2018 has been a roller coaster ride for the investors. Let’s see what lies ahead for the investors in 2019.
“Know what you own, and why you own it”- Peter Lynch
2018 has proven Peter Lynch correct. At the end of the article, you will realise that if your investments had fundamental backing you would have emerged victorious today. The year proved to be a tour de force for some investors while some had disappointed speculations. Sensex and Nifty 50 rallied to their all-time high thrice in Q2 FY18-19. Nifty breached its 11,517 points benchmark and Sensex peaked at 38,210.94 points. With the benchmark indices reaching their respective highs, the stocks across the Dalal Street performed exemplary.
Mere speculators mistook this incident for the stocks to be reaching their potential investment in an over-valued market. In the coming months when the dust settled the over-priced stocks took a huge blow and so did the investors. There were some who smartly sold their stocks while they could and there were several others who were overcome with greed. The stocks experienced a robust growth up until September.
The hunky dory quarter came to an end with the IL&FS (Infrastructural Leasing and Financing Services) default. The default focused on the ignored quintessential concept of Asset Liability Mismatch (ALM). The first default by IL&FS was in the month of June of inter-corporate deposits and commercial paper (borrowings) worth Rs. 450 crore. This crisis was overlooked as all eyes were set on the benchmark indices which were about to break their records.

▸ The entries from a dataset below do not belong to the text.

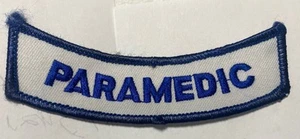 PARAMEDIC Lower Rocker Patch - Blue on White New Embroidered - Picture 1 of 1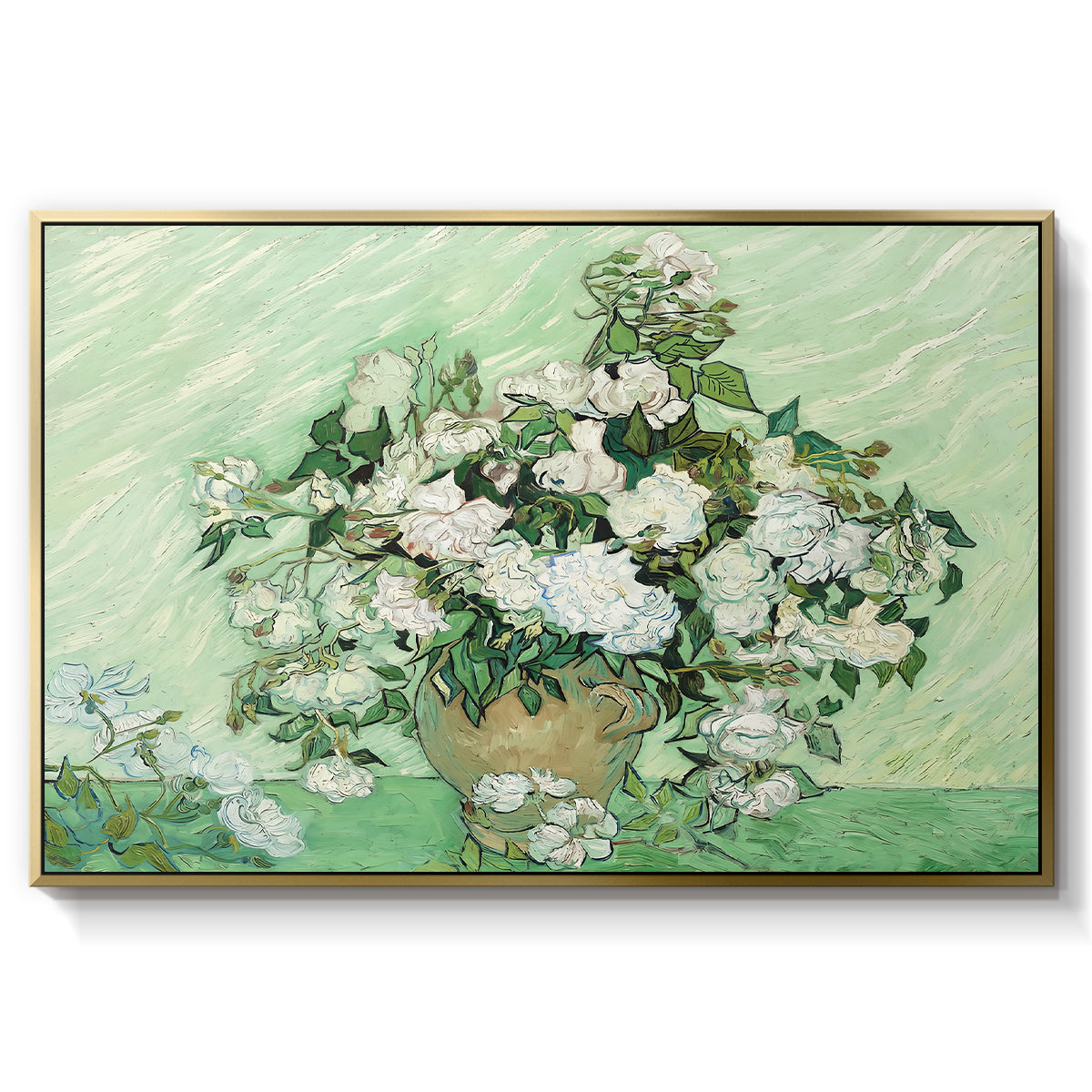 Roses, 1890 - Floater Framed Canvas Print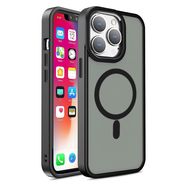 Magnetic Color Matte Case for iPhone 15 Pro - black, Hurtel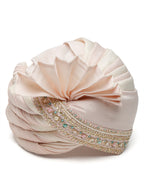 Baby Pink And Ivory Ombre Dyed Mens Pagri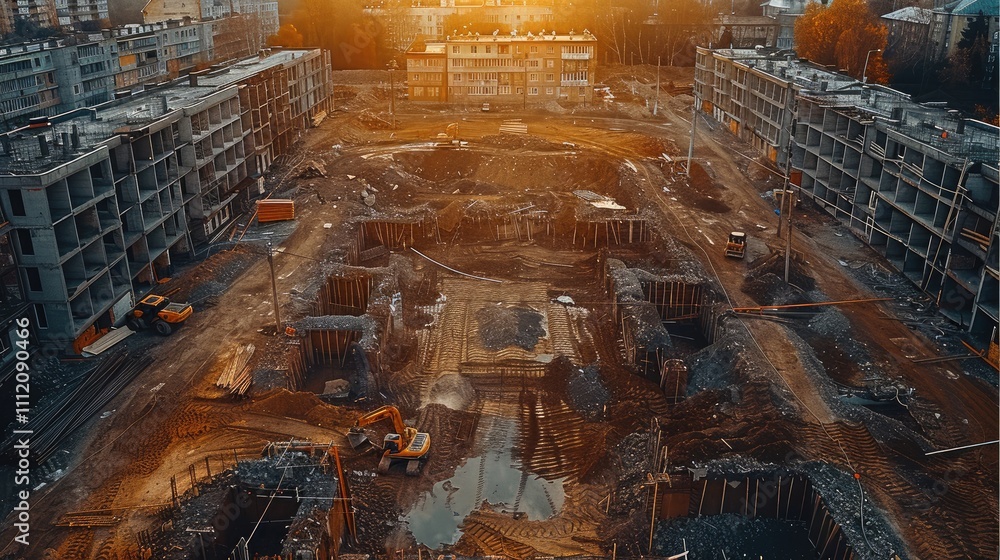 Poster landscape of a construction site with empty space in the middle. aerial high view.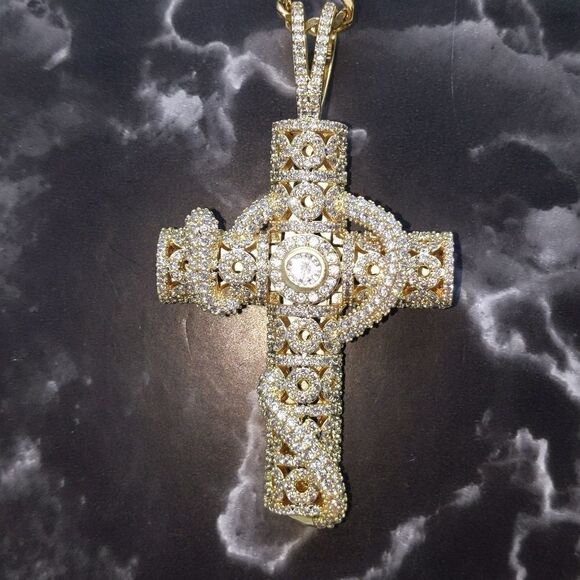 18"Cuban Chain + 14K Gold Finish Serpent Cross - Picture 3 of 12
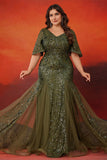 Robe longue mère de la mariée en tulle sirène olive scintillante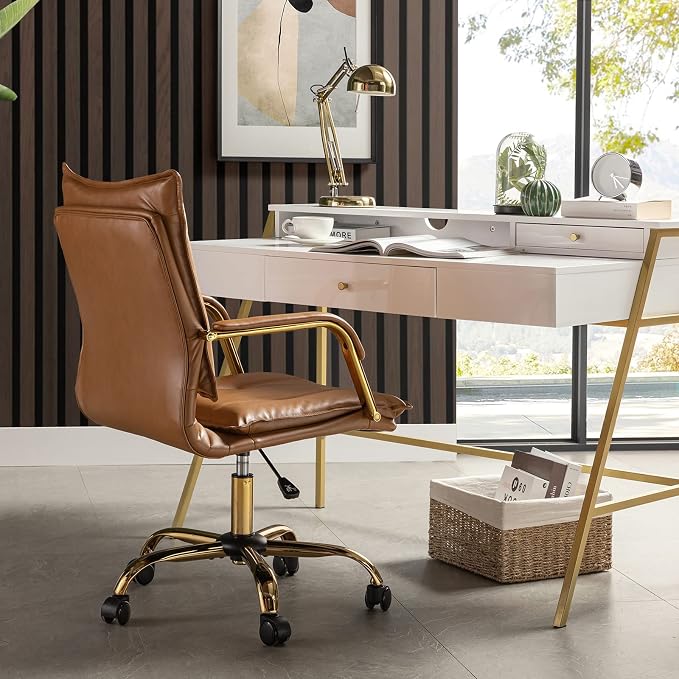 HULALA HOME Faux Leather Home Office Desk Chair, Adjustable Swivel Computer Chair with Golden Legs and Arms, Comfy Upholstered Task Chair,Camel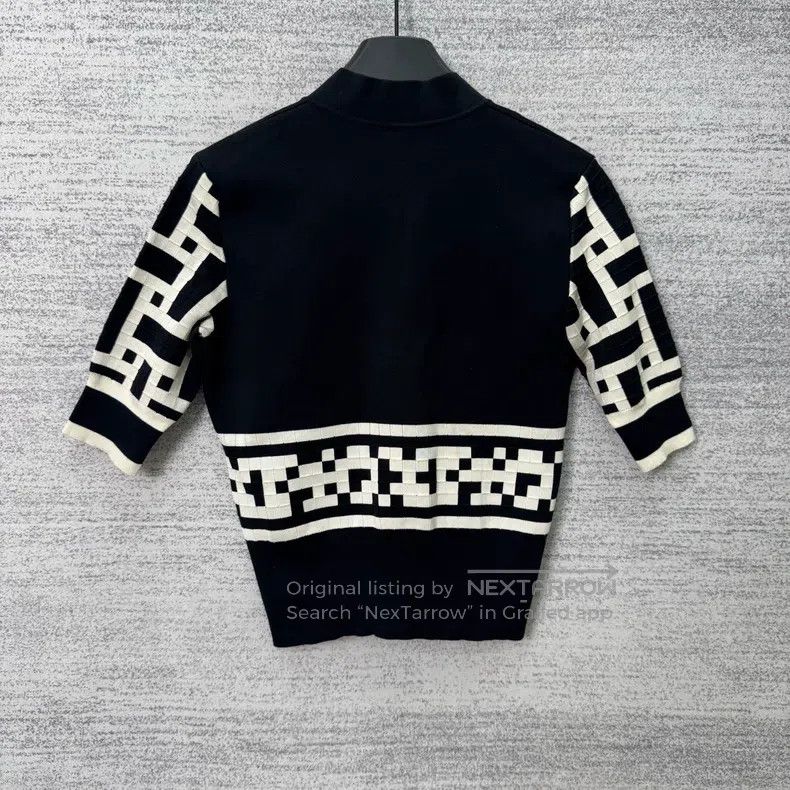 Hermes Hermes Black and White Colorblocked Knit Open Cardigan Size XXS / US 00 / IT 34 - 3 Thumbnail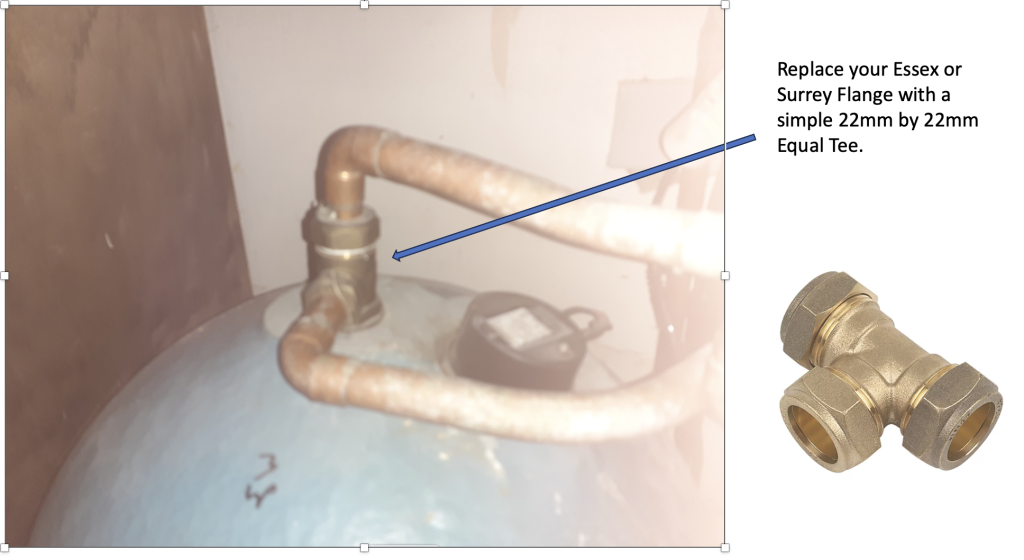 Essex and Surrey Flanges can easily be replaced with a simple 22mm Equal Tee with no ill effect.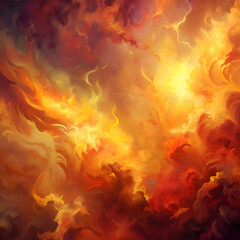 Golden Cloudscape. Abstract Painting of a Dramatic Sky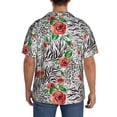thumbnail image 3 of Kdxio Men's Hawaiian Shirt for Men Short Sleeve Shirt Roses Mixed Zebra 1 Summer Casual Holiday Beach Button Down T-Shirts, 3 of 5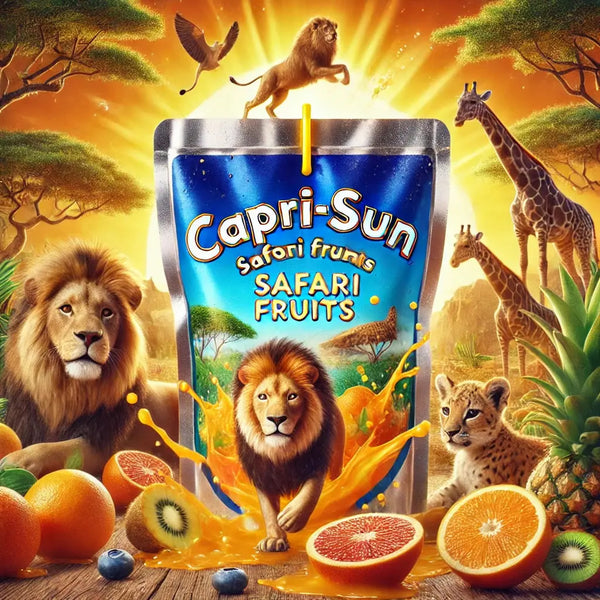 Capri Sun Safari Fruits - Boisson fruitée exotique aux saveurs tropicales, mélange rafraîchissant et gourmand pour une pause vitaminée, format pratique à emporter, dispo sur Bonbiz, la référence des boissons américaines originales.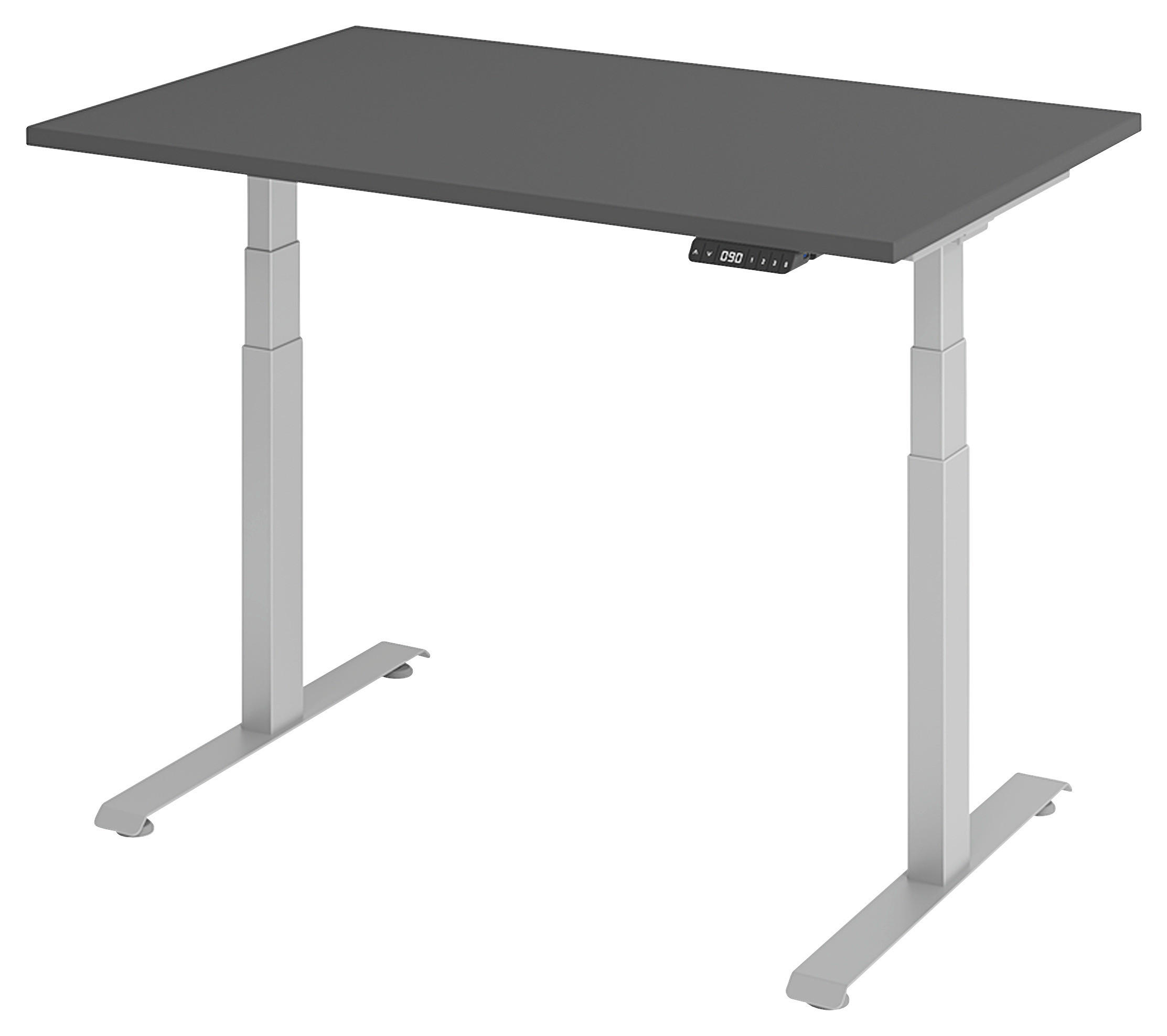 SCHREIBTISCH höhenverstellbar  - Silberfarben/Graphitfarben, KONVENTIONELL, Holzwerkstoff/Metall (120/80/64,5-129,5cm) - Venda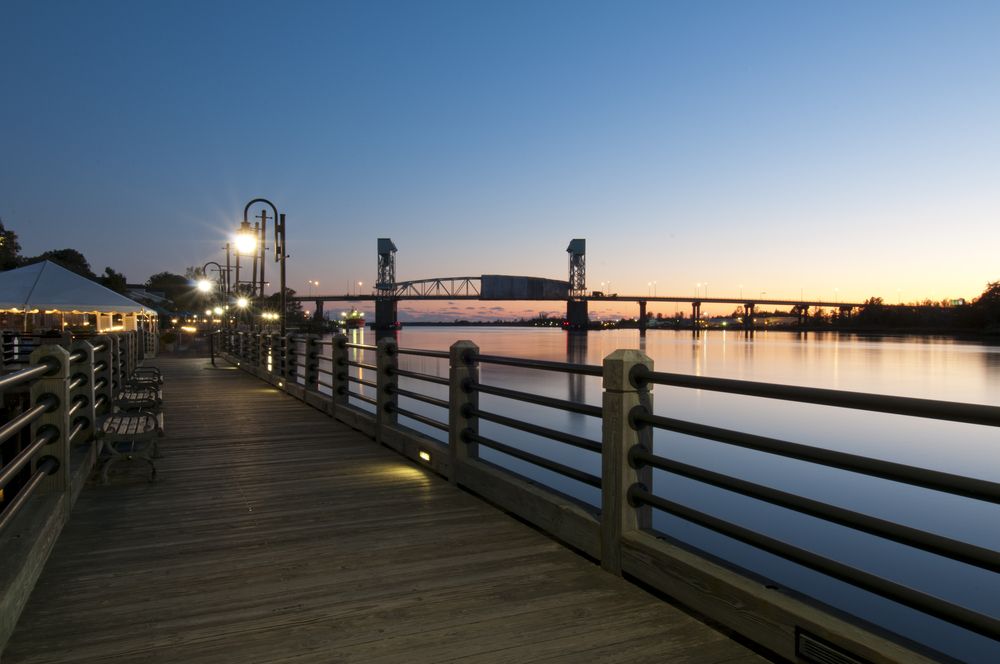 View of the sunset from Wilmington Riverwalk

The default which was recorded in the month of September and October was however of substantial figure’s and could not be ignored. IL&FS had a standalone debt worth Rs. 16,468 crore. It had defaulted Rs. 3,761 crore on 29 Sept’18. On aggregate, the NBFC owed debt worth Rs. 91,000 crore. The default was a major blow to the PSU banks since Rs. 57,000 crore was lent to IL&FS by state-owned banks.
The turmoil in September:
The market experienced a 360-degree turn after the news unveiled. Banks took a major hit and the stocks reached their rock bottom. Indiabulls Housing Finance and DHFL (Dewan Housing Finance Corporation Limited) were the two banks which were impacted the most. Indiabulls Housing Finance touched its 52w low of Rs. 640.15 whereas DHFL has recorded a decline since 19 Sept’18 and hasn’t been able to bounce back. Most investors in the market again mistook the decline of the DHFL stock to be a cascading effect of the IL&FS default. However, the decline was recorded when DSP Mutual Fund Merrill Lynch sold the bonds of DHFL at a higher yield of 11%. This triggered speculation that DHFL was facing a liquidity crisis.